**Task item:**
In the data below, one line contains "So what is a" and a later one contains "You would like". Print both, with every line between them, exactly and alone.
** Opening Task data block **
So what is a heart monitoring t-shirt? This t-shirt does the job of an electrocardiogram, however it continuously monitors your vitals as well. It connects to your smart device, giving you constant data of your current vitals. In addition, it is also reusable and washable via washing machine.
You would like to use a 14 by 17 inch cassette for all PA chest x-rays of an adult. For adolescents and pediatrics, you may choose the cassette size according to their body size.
** Closing Task data block **
** Opening Task data block **
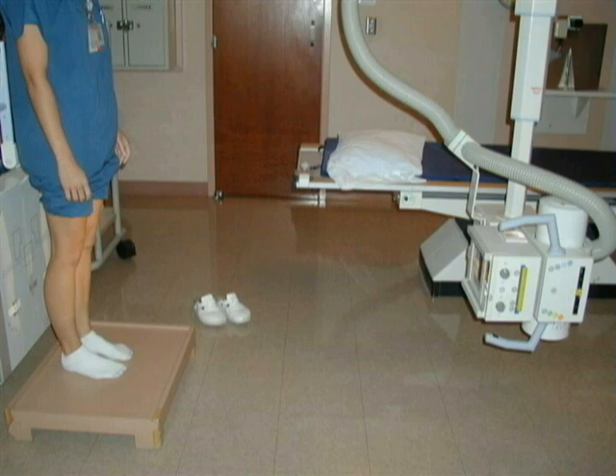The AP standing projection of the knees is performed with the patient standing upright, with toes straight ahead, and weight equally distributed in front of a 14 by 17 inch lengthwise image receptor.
** Closing Task data block **
** Opening Task data block **
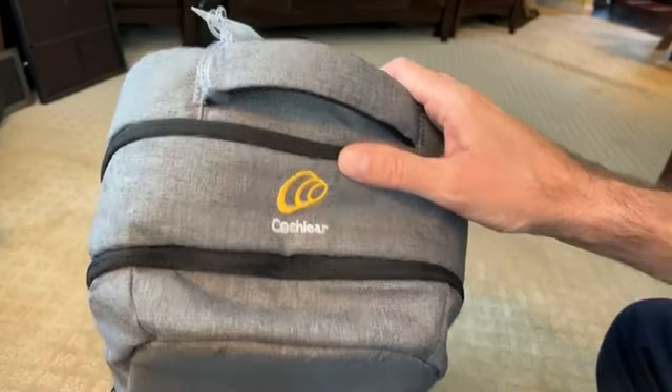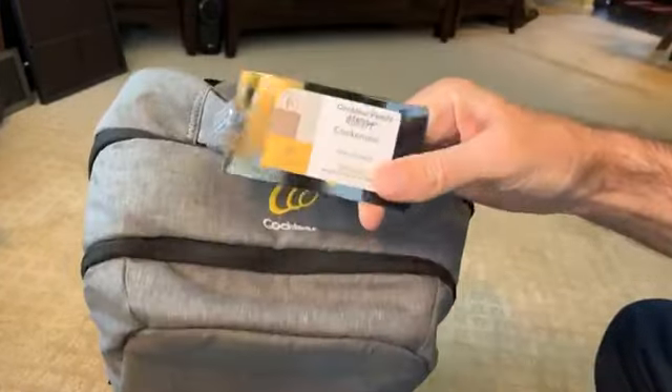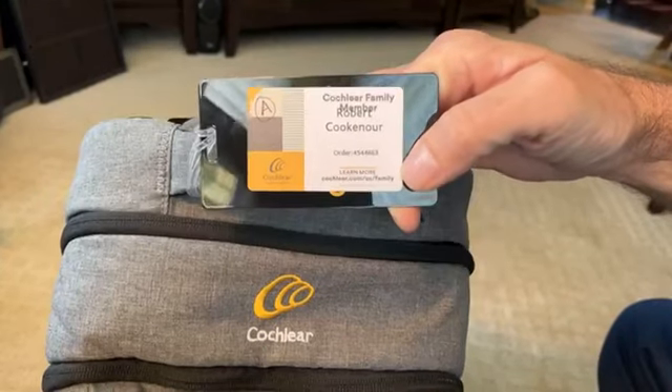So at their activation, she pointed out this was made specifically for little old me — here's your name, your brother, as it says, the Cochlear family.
** Closing Task data block **
**Written reply:**
So what is a heart monitoring t-shirt? This t-shirt does the job of an electrocardiogram, however it continuously monitors your vitals as well. It connects to your smart device, giving you constant data of your current vitals. In addition, it is also reusable and washable via washing machine.
You would like to use a 14 by 17 inch cassette for all PA chest x-rays of an adult. For adolescents and pediatrics, you may choose the cassette size according to their body size.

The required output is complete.